One could say, firstly, that this is an important instance where the PPP or Private-Public Partnership can mature as it is understood in the Russian context. What is even more important is that you can see a degree of experts' input in the composition of this list.
Secondly, while it obviously reflects Russia's national interests as the APEC Chair, it has also received several positive reactions from other APEC members. This means there's a degree of similarity between Russian national aspirations and expectations of the international business community.
And finally, if one takes this set of initiatives as a whole, he would see that it is basically focused on improvement of all sorts of linkages or what might be called connectivity between Russia as a participant in the Asia Pacific integration processes and her partners in that region.

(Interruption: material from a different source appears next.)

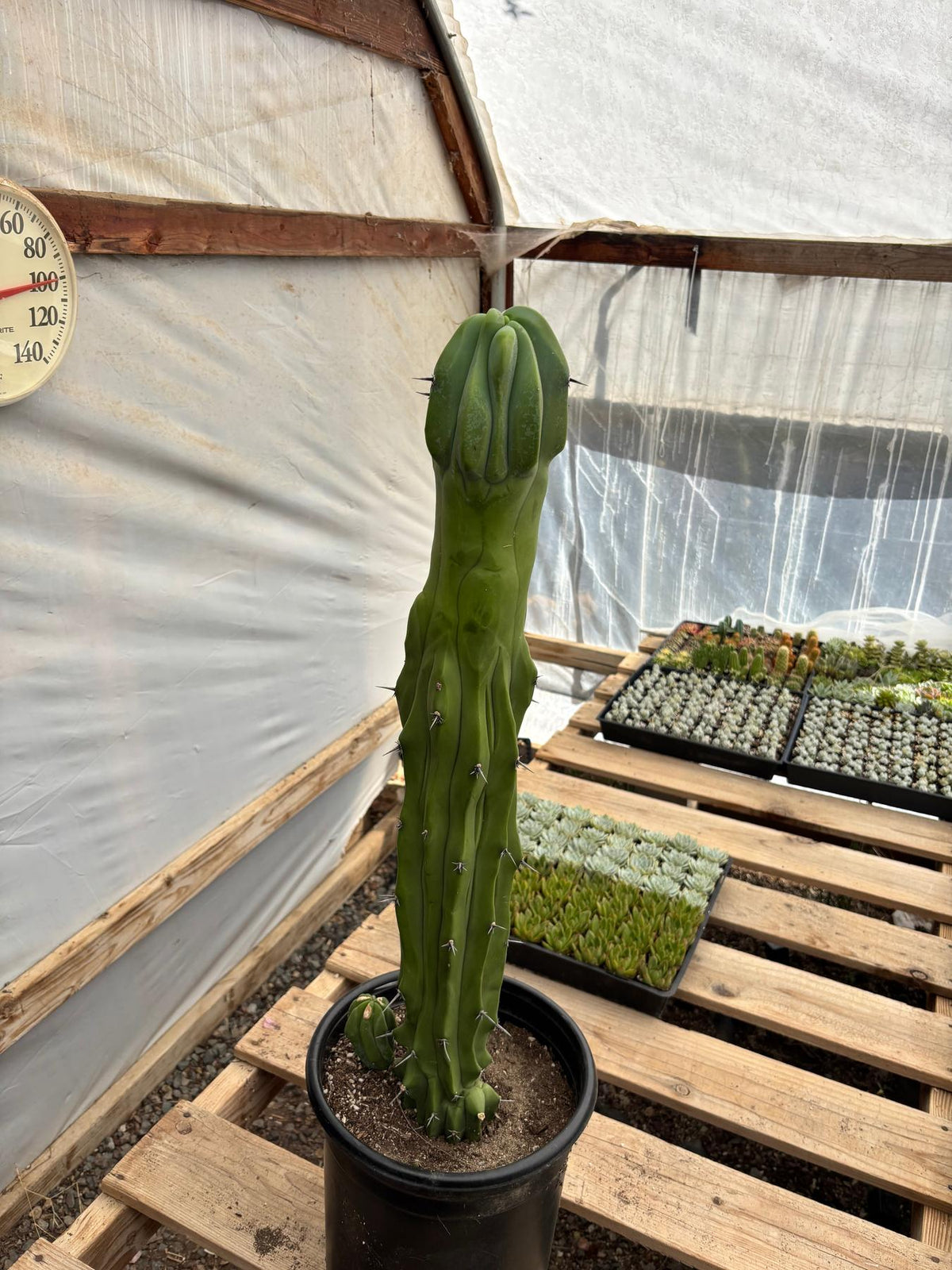 #EC87 Myrtillocactus Geometrizans Blue Candle Crested Cactus potted-Cactus - Large - Exact-The Succulent Source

In fact, the term 'connectivity' has become quite popular in the economic and political discourse of East Asia after the October 2010 ASEAN came forward with a Master Plan on ASEAN Connectivity: a set of ideas intended to increase and facilitate linkages between its members. So, the fact that Russia came forward with this kind of initiatives means that our country is starting to think and act very much in line with the rest of Asia-Pacific, which is especially important on the eve of the Russian chairmanship of the APEC summit. In fact, all these propositions are actually made within the context of this chairmanship.

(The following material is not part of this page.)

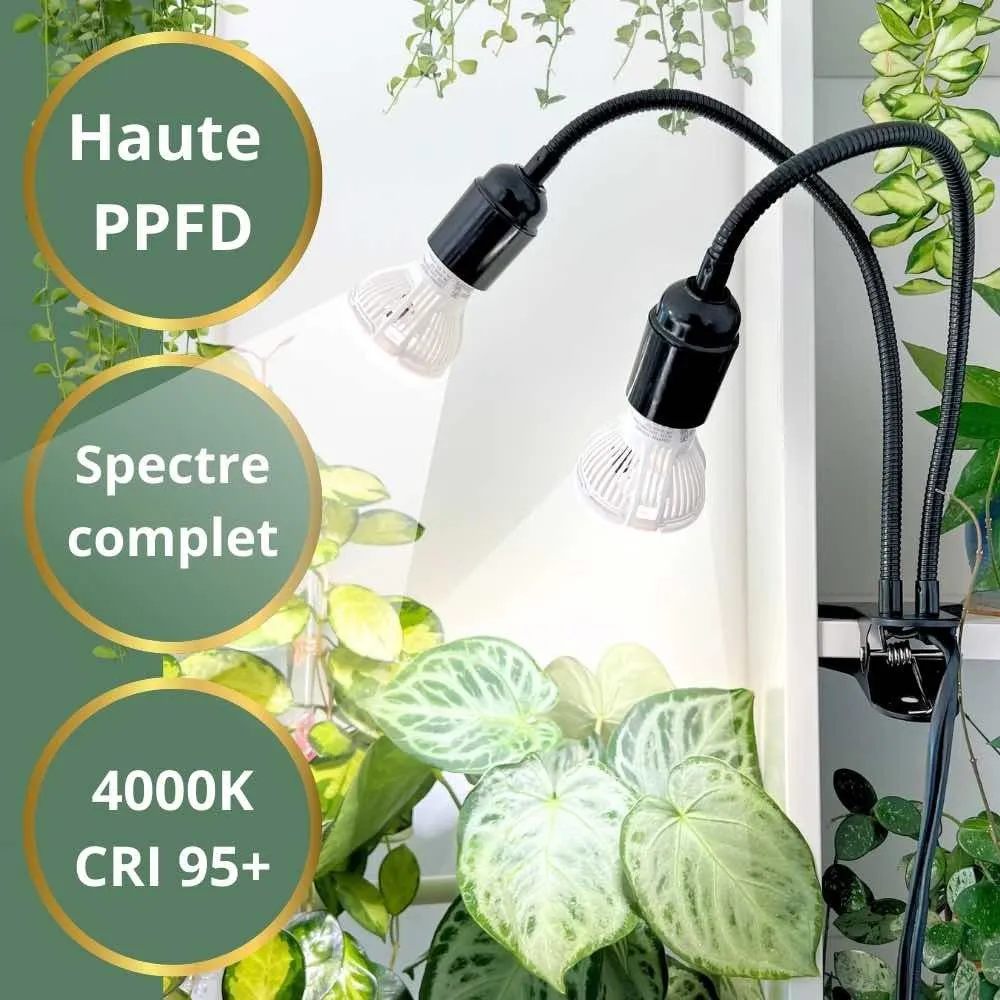 Plant and Stories Lampe horticole spectre complet 2 ampoules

Russia & India Report: Well, this is really good news. And are the rest equally good?
Dr. Victor Sumsky: Talking about developments in Asia Pacific as a whole one can't help but pay attention to ASEAN simply because this regional group is now acknowledged by its partners as occupying a central place in what was once called a new emerging architecture of security and cooperation in Asia-Pacific. And in processes like this it is very important to maintain a sufficient degree of cohesion within the Association itself.
What was somewhat disturbing last week was the fact that for the first time in the history of ASEAN ministerial conferences, its foreign ministers in the meeting at Phnom Penh have failed to produce a final statement—a communiqué. Of course, the reason for that was the situation in the South China Sea, perceptions of which vary from country to a country.
Now the good news is that after a series of quick bilateral meetings between the Indonesian foreign minister Marty Natalegawa and his colleagues in several ASEAN capitals, they have managed to produce a kind of joint statement. This statement, however, came later than the meeting itself. As such, some sort of agreement and consensus within ASEAN seems to be restored.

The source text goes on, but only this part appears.